The Act provides that a governmental entity may not suspend, terminate, or take other adverse personnel action against a "public employee who in good faith reports a violation of law by the employing governmental entity or another public employee to an appropriate law enforcement authority." Tex. Gov't Code §§ 554.0035, .002(a). A public employee who is subjected to adverse personnel action in violation of the Act may sue the employing governmental entity, the sovereign immunity of which is "waived and abolished to the extent of liability for the relief allowed" under the Act,5 id. § 554.0035, and may seek injunctive relief, actual damages, attorney's fees, reinstatement, and lost compensation, id. § 554.003(a), (b).

We first summarize appellees’ pleadings to decide whether the allegations are such that appellees may avail themselves of the protections of the Act or instead establish a lack of jurisdiction such that the trial court should have granted the OAG's motion to dismiss.

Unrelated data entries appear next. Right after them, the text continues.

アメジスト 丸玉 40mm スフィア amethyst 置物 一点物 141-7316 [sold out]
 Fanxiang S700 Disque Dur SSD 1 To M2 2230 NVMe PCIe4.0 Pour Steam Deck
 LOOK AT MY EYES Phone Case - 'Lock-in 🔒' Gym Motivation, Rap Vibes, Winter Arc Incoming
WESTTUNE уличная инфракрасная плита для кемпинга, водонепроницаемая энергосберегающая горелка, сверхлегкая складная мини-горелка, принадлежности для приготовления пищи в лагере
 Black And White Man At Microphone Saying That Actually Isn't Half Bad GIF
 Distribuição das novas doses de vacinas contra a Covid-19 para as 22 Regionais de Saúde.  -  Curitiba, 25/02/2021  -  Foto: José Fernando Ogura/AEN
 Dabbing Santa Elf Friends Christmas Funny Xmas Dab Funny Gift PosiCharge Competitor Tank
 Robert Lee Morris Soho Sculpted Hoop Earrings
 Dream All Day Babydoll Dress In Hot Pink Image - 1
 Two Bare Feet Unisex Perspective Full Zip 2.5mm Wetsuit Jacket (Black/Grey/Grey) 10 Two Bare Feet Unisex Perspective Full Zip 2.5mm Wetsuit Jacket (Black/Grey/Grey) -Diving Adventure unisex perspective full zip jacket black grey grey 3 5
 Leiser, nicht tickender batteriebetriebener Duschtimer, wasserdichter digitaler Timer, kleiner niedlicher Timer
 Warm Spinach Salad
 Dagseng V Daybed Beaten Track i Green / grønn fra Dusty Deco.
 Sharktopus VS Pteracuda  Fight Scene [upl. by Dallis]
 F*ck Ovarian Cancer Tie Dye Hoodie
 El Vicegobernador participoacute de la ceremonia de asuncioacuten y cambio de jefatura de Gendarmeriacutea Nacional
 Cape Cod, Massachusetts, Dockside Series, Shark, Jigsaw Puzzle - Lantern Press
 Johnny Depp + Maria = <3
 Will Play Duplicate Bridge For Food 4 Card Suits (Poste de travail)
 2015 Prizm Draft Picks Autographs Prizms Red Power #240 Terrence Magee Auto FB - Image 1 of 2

SUMMARY OF APPELLEES’ FACTUAL ALLEGATIONS

This case involves the alleged relationship between Paxton and Nate Paul, who owns numerous real-estate-investment companies. Appellees alleged that Paul and a "political action committee of a law firm representing Nate Paul's interests" had each donated $25,000 to Paxton's campaign, that Paul had employed a woman with whom Paxton had a personal relationship, and that Paul or his entities had assisted in a "major remodeling project" at Paxton's home. Starting in 2019, at least sixteen of Paul's entities filed for bankruptcy protection; foreclosure proceedings related to more than twelve of his entities had begun; he was being investigated by the FBI and other law enforcement; and in August 2019, the FBI obtained warrants to search Paul's house and offices. Appellees alleged that starting in 2019, Paxton used OAG resources in Paul's favor and "improperly interfere[d] in [Paul's] civil disputes and criminal matters," and that his "abuse of the OAG to benefit Paul" increased in 2020, when he "became less rational in his decision making and more unwilling to listen to reasonable objections to his instructions." In their petition, appellees made detailed allegations about how Paxton acted or directed OAG staff to act on Paul's behalf, particularly in the areas of open-records requests, the OAG's intervention in a lawsuit, an opinion related to foreclosure, and investigations into Paul's adversaries, as summarized below.

Open-Records Issues 6
• Paul made an open-records request to the Texas State Securities Board seeking records related to the 2019 search of his properties, and the Board requested an OAG opinion about the request.7 Paxton pressured then-Deputy First Assistant AG Ryan Bangert to issue an opinion allowing the records to be released—"a highly unusual move that was contrary to well-established precedent related to protecting the integrity of criminal investigations." Despite Paxton's efforts, the OAG issued an opinion stating that the records were not all subject to disclosure due to the pending criminal investigation.
• In March 2020, Paul made another request for records related to the search, this time to the Texas Department of Public
...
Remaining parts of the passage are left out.